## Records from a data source
= = =
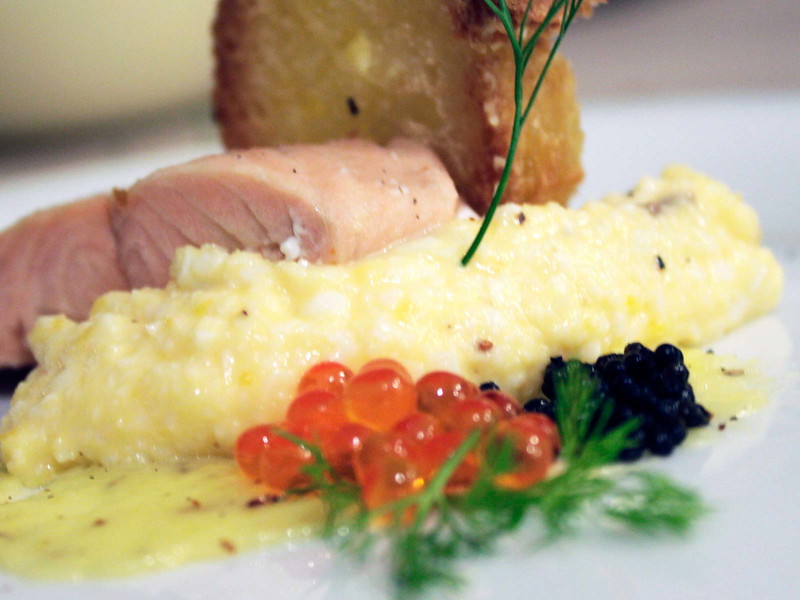 Pochierter Lachs, Kaviar und Russische Eier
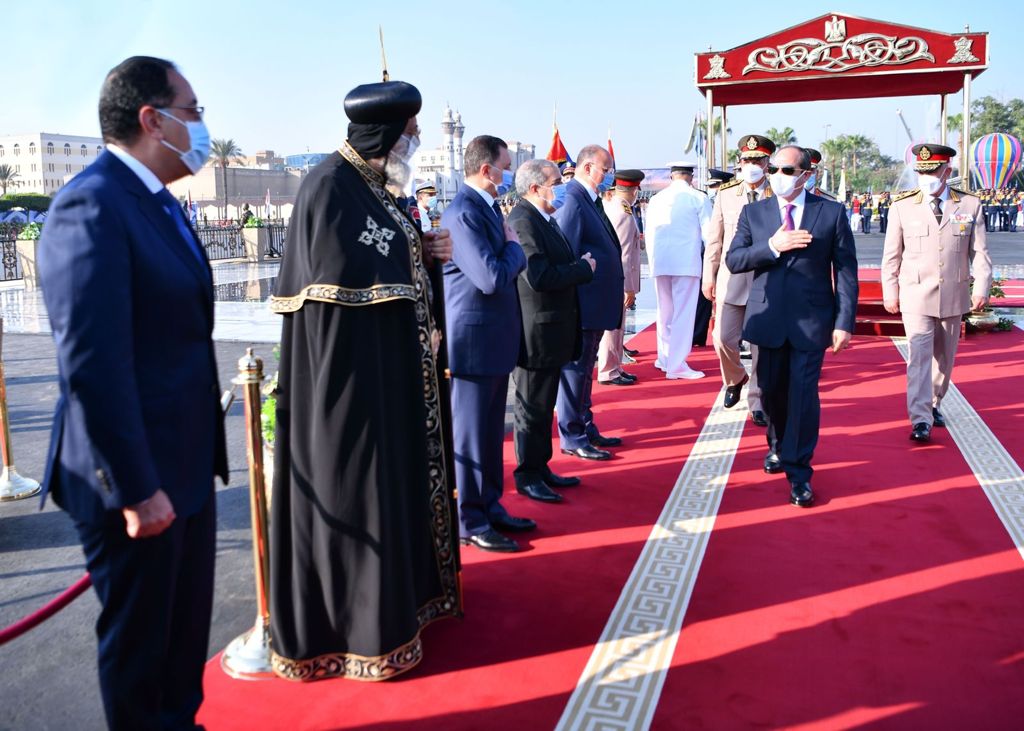 السيسي يضع أكاليل الزهـور علـى قبـر الجنـدى المجهـول والـزعيمين السادات وعبد الناصر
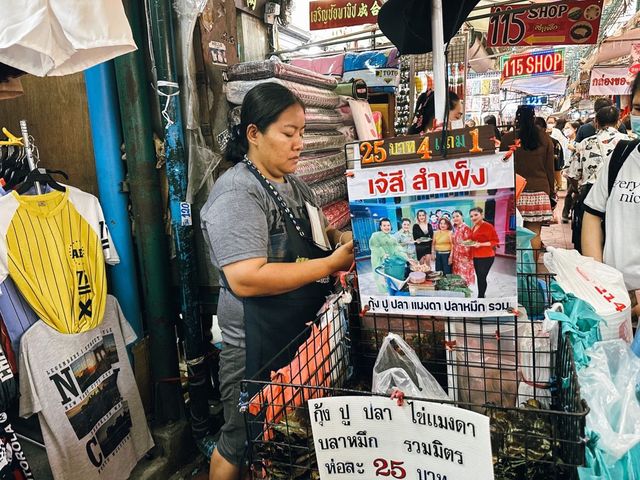 พากิน เที่ยว ช้อป ตลาดสำเพ็ง (ตอนกลางวัน) 🛍️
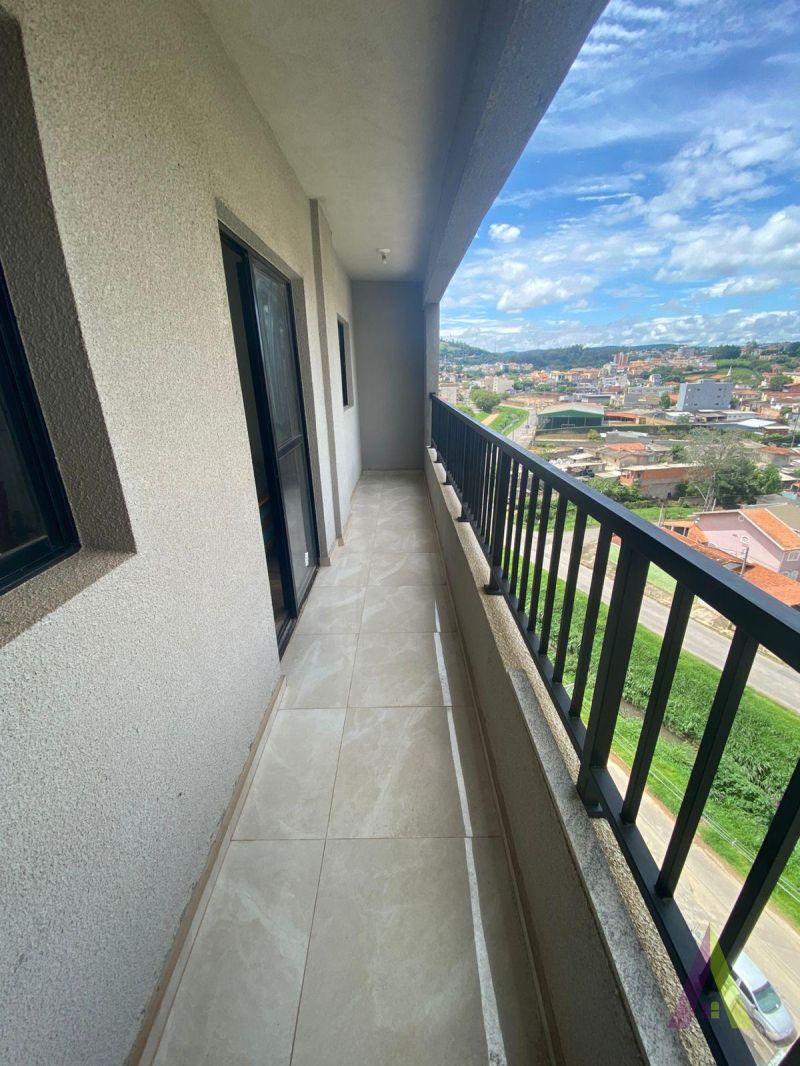 Apartamento Mobiliado em Condomínio em São Roque!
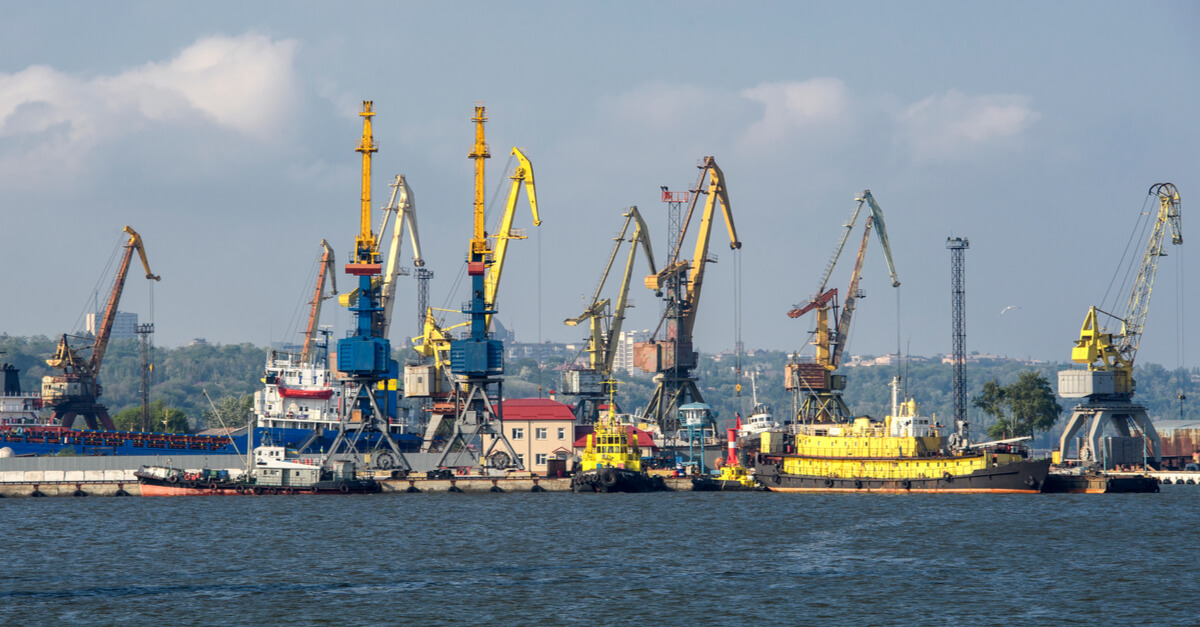 Укрзализныця готова переориентировать грузовые потоки из портов на Азове в другие © shutterstock.com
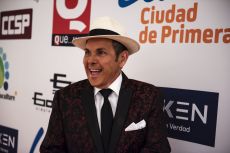 El cantante Franco llegando a la premiación de la Revista Q... QUÉ MÉXICO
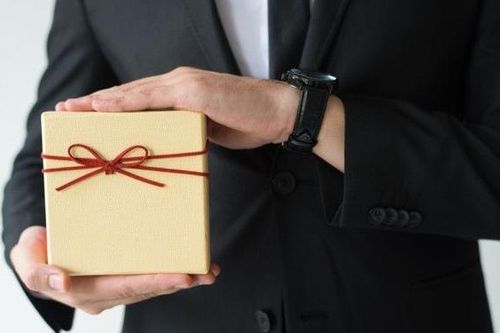 Sinh nhật, chồng tặng món quà nhỏ xinh khiến vợ khóc không thành tiếng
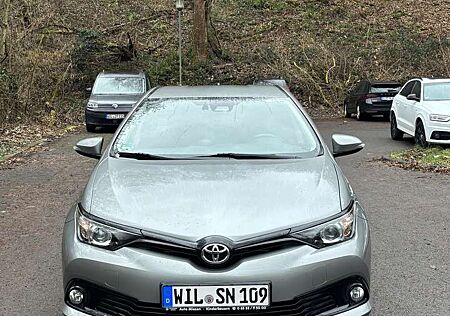 Toyota Auris 1.2 Turbo Design Edition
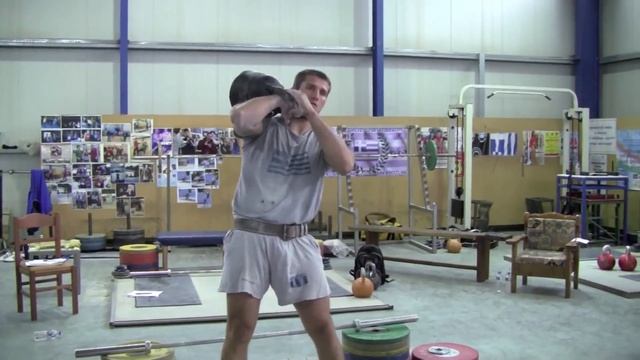 90kg 200lb Super Kettlebell Record смотреть онлайн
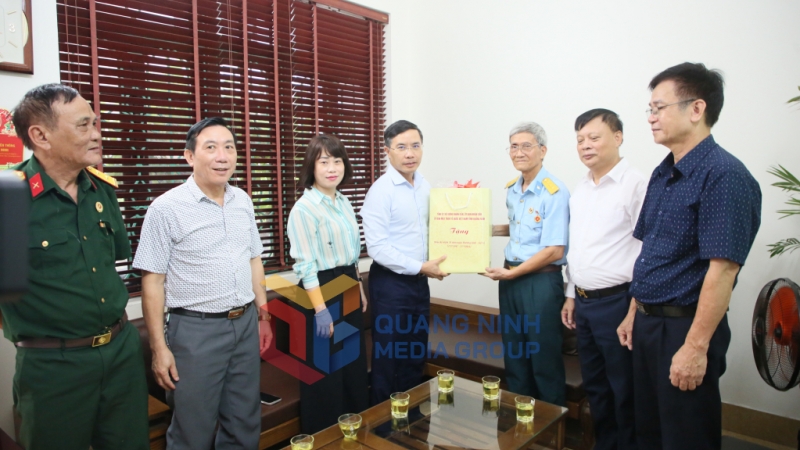 Đồng chí Phạm Đức Ấn, Phó Bí thư Tỉnh ủy, Chủ tịch UBND tỉnh, thăm hỏi, động viên, tặng quà tri ân bệnh binh Bùi Doãn Đấu (phường Hạ Long) (7-2025). Ảnh: Đỗ Phương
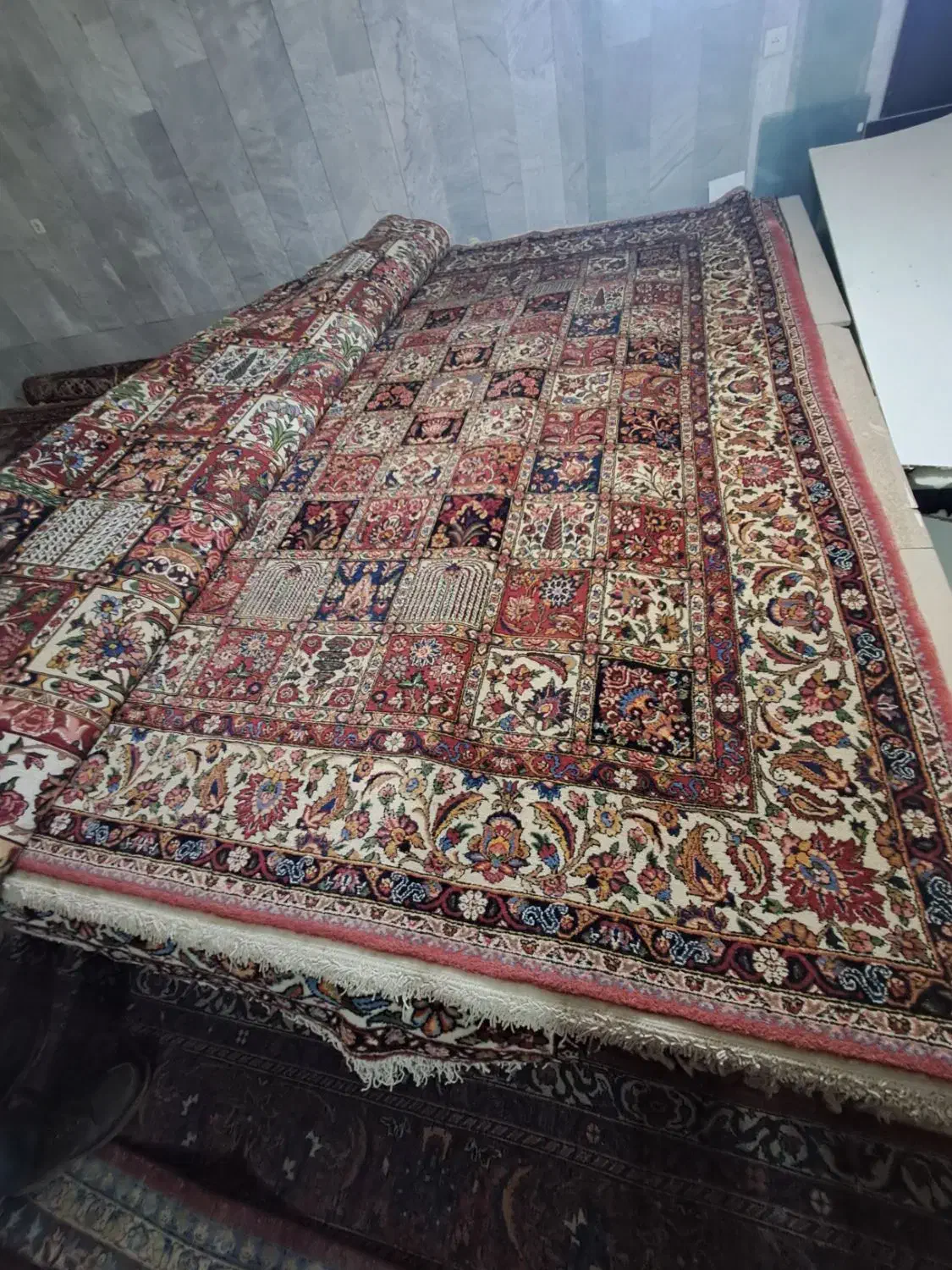 فرش دستبافت|فرش|اصفهان, حسین‌آباد|دیوار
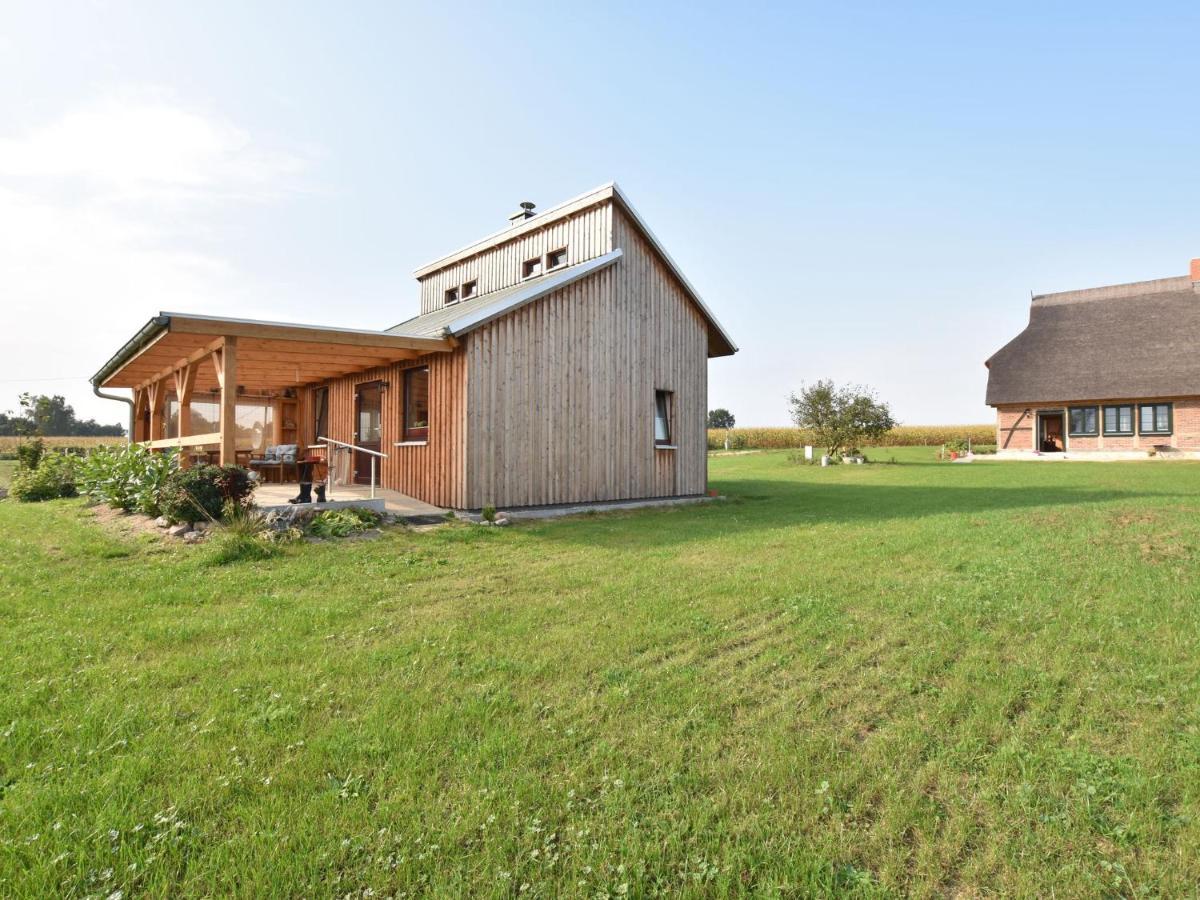 Enchanting Holiday Home By The Lake In Ruehn Ruhn エクステリア 写真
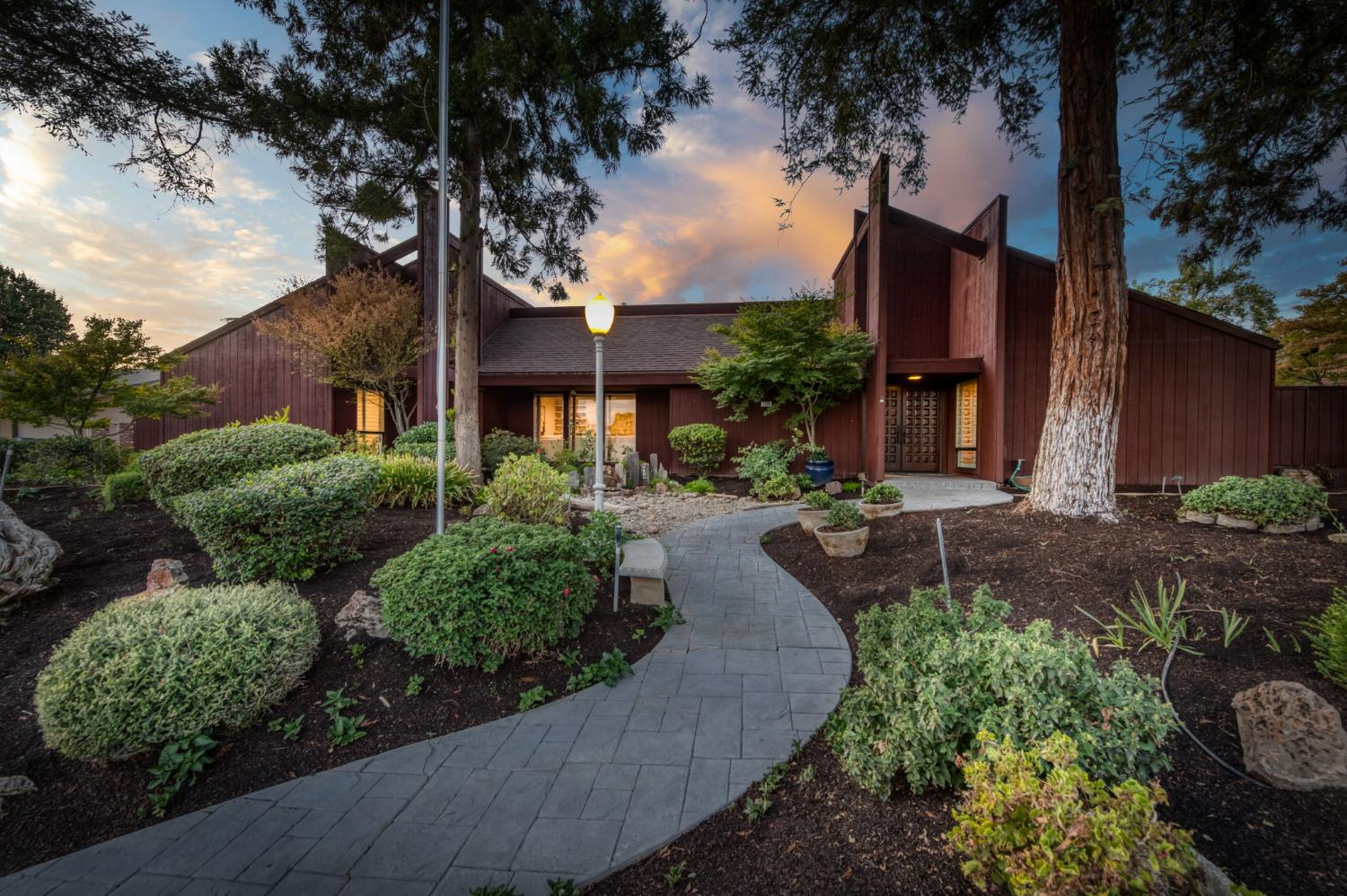 2666 W San Jose Ave, Fresno, CA 93711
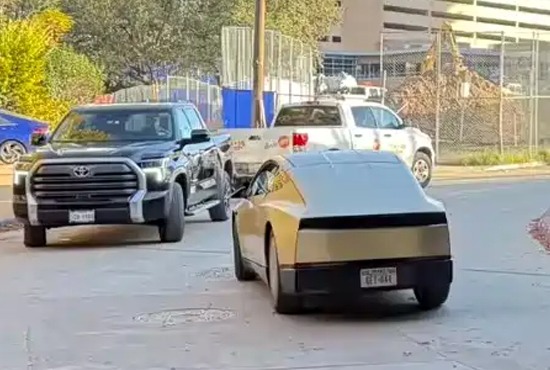 特斯拉Cybercab路测谍照曝光 无方向盘设计续航500公里 特斯拉Cybercab路测谍照曝光 无方向盘设计续航500公里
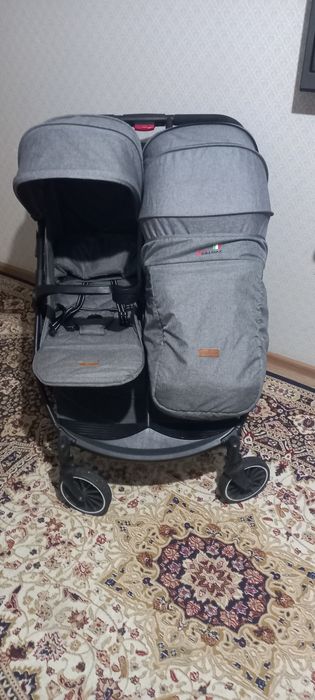Продам двойную коляску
= = =
## What is required
What belongs in the answer is each line above, reproduced exactly, and no picture.

## The answer
 Pochierter Lachs, Kaviar und Russische Eier
 السيسي يضع أكاليل الزهـور علـى قبـر الجنـدى المجهـول والـزعيمين السادات وعبد الناصر
 พากิน เที่ยว ช้อป ตลาดสำเพ็ง (ตอนกลางวัน) 🛍️
 Apartamento Mobiliado em Condomínio em São Roque!
 Укрзализныця готова переориентировать грузовые потоки из портов на Азове в другие © shutterstock.com
 El cantante Franco llegando a la premiación de la Revista Q... QUÉ MÉXICO
 Sinh nhật, chồng tặng món quà nhỏ xinh khiến vợ khóc không thành tiếng
 Toyota Auris 1.2 Turbo Design Edition
 90kg 200lb Super Kettlebell Record смотреть онлайн
 Đồng chí Phạm Đức Ấn, Phó Bí thư Tỉnh ủy, Chủ tịch UBND tỉnh, thăm hỏi, động viên, tặng quà tri ân bệnh binh Bùi Doãn Đấu (phường Hạ Long) (7-2025). Ảnh: Đỗ Phương
 فرش دستبافت|فرش|اصفهان, حسین‌آباد|دیوار
 Enchanting Holiday Home By The Lake In Ruehn Ruhn エクステリア 写真
 2666 W San Jose Ave, Fresno, CA 93711
 特斯拉Cybercab路测谍照曝光 无方向盘设计续航500公里 特斯拉Cybercab路测谍照曝光 无方向盘设计续航500公里
Продам двойную коляску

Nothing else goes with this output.